Derives keys for encryption and authentication from the password using PBKDF2 and a random salt, which is deliberately slow to protect against dictionary attacks. Use Security::encryptByKey to encrypt fast using a cryptographic key rather than a password. Key derivation time is determined by [[$derivationIterations]], which should be set as high as possible. The encrypted data includes a keyed message authentication code (MAC) so there is no need to hash input or output data. > Note: Avoid encrypting with passwords wherever possible. Nothing can protect against poor-quality or compromised passwords.

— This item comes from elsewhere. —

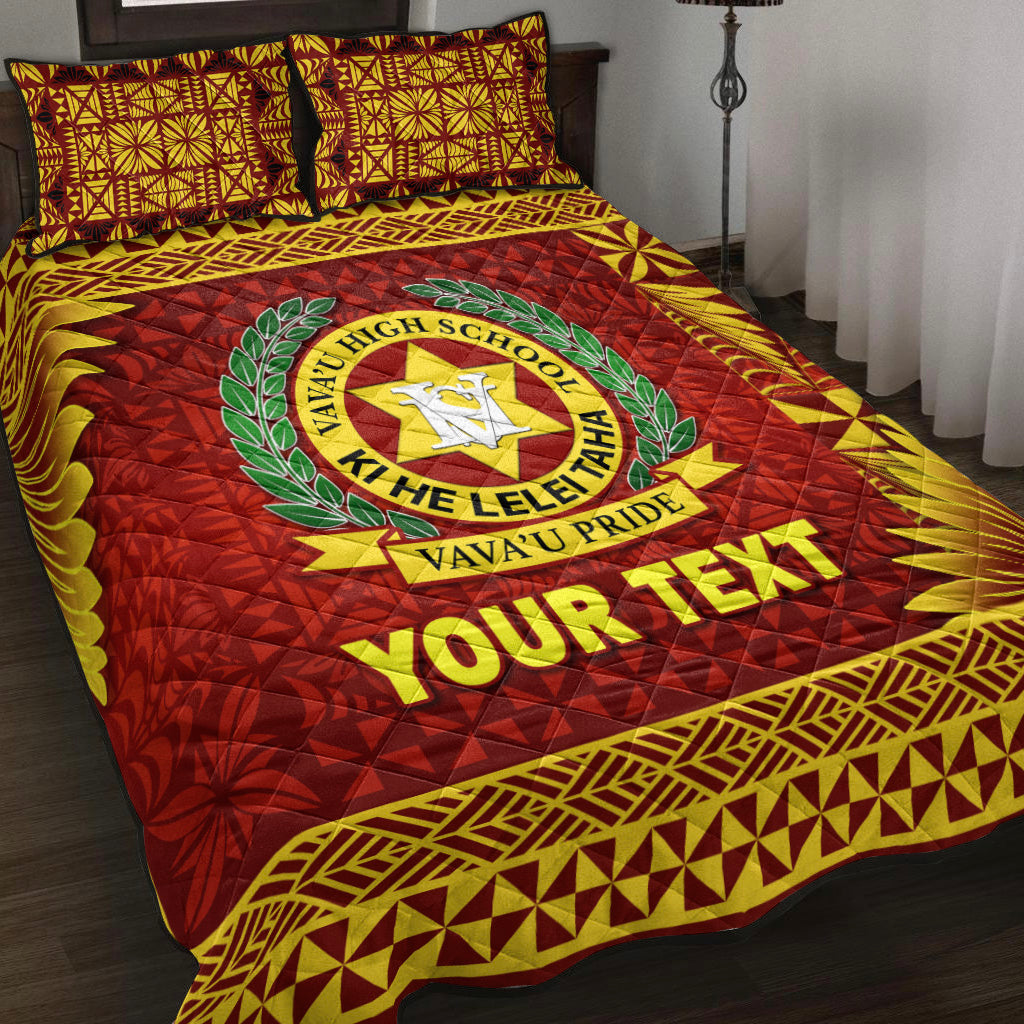 (Custom Personalised) Tonga Vava'u High School Quilt Bed Set Simplified Version Maroon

또한 보기: decryptByPassword()

또한 보기: encryptByKey()

public encryptByPassword ( string $data, string $password ) : string
$data	string	the data to encrypt
$password	string	the password to use for encryption
리턴	string	the encrypted data

generatePasswordHash() 공개 메소드

The generated hash can be stored in database. Later when a password needs to be validated, the hash can be fetched and passed to Security::validatePassword. For example, php generates the hash (usually done during user registration or when the password is changed) $hash = Yii::$app->getSecurity()->generatePasswordHash($password); ...save $hash in database... during login, validate if the password entered is correct using $hash fetched from database if (Yii::$app->getSecurity()->validatePassword($password, $hash) { password is good } else { password is bad }

또한 보기: validatePassword()

public generatePasswordHash ( string $password, integer $cost = null ) : string
$password	string	The password to be hashed.
$cost	integer	Cost parameter used by the Blowfish hash algorithm. The higher the value of cost, the longer it takes to generate the hash and to verify a password against it. Higher cost therefore slows down a brute-force attack. For best protection against brute-force attacks, set it to the highest value that is tolerable on production servers. The time taken to compute the hash doubles for every increment by one of $cost.
리턴	string	The password hash string. When [[passwordHashStrategy]] is set to 'crypt', the output is always 60 ASCII characters, when set to 'password_hash' the output length might increase in future versions of PHP (http://php.net/manual/en/function.password-hash.php)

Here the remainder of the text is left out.